Task objective:
Lines holding the string "Floral" in the listing below are to be copied.
_ _ _
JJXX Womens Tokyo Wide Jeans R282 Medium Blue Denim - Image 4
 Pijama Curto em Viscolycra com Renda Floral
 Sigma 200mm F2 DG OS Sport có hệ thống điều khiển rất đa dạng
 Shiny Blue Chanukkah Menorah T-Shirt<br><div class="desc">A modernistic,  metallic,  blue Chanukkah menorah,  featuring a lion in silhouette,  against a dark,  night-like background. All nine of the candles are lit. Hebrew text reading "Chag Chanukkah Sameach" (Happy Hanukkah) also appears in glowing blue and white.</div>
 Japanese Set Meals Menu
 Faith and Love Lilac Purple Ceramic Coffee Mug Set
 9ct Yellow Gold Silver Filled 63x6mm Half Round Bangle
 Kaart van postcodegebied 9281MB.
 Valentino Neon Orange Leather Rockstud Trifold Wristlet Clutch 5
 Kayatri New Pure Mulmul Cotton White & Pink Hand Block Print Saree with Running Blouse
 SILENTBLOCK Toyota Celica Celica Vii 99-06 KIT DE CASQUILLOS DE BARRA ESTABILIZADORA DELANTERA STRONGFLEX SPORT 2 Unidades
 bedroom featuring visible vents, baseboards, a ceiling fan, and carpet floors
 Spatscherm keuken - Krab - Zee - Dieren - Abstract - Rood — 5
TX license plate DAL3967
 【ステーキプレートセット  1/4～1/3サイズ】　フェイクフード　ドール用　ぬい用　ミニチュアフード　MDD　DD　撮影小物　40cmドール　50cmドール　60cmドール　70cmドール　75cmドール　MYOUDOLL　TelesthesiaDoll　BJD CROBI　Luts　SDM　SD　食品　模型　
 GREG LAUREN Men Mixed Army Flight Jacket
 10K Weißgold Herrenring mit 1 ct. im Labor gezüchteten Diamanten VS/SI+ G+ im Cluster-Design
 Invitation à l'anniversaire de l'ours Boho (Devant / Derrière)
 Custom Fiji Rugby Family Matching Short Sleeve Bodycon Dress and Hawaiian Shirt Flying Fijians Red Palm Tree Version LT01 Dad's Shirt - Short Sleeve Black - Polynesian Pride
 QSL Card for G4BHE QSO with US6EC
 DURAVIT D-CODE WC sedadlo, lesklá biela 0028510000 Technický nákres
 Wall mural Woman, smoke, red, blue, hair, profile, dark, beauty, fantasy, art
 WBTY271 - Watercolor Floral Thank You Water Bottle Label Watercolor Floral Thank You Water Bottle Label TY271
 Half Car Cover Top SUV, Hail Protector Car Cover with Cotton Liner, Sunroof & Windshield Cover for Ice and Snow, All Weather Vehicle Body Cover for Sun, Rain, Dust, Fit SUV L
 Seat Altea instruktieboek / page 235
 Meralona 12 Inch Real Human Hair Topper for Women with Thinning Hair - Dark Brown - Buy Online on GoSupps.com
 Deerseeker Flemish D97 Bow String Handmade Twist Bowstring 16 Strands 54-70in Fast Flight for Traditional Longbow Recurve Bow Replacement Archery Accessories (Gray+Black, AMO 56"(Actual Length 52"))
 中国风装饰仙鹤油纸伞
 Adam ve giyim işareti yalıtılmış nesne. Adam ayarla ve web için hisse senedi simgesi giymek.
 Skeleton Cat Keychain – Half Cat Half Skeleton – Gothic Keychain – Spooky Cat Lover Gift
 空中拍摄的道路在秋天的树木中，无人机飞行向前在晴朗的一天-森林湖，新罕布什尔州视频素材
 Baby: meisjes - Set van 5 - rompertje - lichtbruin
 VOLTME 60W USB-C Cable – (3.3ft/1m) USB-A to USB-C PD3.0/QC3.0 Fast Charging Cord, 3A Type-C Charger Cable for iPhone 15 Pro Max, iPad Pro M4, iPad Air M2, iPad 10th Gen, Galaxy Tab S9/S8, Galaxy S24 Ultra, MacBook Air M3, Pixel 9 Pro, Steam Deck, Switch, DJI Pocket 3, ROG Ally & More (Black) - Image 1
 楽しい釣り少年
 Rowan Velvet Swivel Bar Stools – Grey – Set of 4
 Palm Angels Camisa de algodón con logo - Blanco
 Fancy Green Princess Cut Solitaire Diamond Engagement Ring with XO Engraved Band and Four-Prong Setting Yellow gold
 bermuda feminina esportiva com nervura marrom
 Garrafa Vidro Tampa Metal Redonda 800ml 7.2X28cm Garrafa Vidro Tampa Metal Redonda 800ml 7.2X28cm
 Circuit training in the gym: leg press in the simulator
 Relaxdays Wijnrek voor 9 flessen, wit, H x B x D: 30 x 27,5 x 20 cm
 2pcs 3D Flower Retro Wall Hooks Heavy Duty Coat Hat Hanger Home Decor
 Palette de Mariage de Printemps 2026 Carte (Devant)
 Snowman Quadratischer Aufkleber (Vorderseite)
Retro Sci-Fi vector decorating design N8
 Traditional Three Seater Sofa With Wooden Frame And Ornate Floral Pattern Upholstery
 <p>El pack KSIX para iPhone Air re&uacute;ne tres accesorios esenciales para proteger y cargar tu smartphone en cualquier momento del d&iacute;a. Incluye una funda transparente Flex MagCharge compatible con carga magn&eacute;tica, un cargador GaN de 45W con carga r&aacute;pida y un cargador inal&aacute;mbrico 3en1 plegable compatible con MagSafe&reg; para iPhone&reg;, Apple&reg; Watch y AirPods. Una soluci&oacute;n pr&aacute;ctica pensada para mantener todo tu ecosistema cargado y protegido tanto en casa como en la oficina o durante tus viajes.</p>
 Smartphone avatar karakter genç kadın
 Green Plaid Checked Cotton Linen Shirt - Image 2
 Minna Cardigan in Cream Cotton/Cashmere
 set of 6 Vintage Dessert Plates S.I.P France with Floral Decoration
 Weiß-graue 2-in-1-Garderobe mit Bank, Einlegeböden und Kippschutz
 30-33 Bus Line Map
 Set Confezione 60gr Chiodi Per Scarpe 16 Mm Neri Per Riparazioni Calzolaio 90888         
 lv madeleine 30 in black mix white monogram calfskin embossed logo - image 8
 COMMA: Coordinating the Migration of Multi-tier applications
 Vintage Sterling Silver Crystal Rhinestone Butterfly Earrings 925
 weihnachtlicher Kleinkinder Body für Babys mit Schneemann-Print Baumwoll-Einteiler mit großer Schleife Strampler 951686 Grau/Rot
_ _ _
Result:
 Pijama Curto em Viscolycra com Renda Floral
 WBTY271 - Watercolor Floral Thank You Water Bottle Label Watercolor Floral Thank You Water Bottle Label TY271
 Traditional Three Seater Sofa With Wooden Frame And Ornate Floral Pattern Upholstery
 set of 6 Vintage Dessert Plates S.I.P France with Floral Decoration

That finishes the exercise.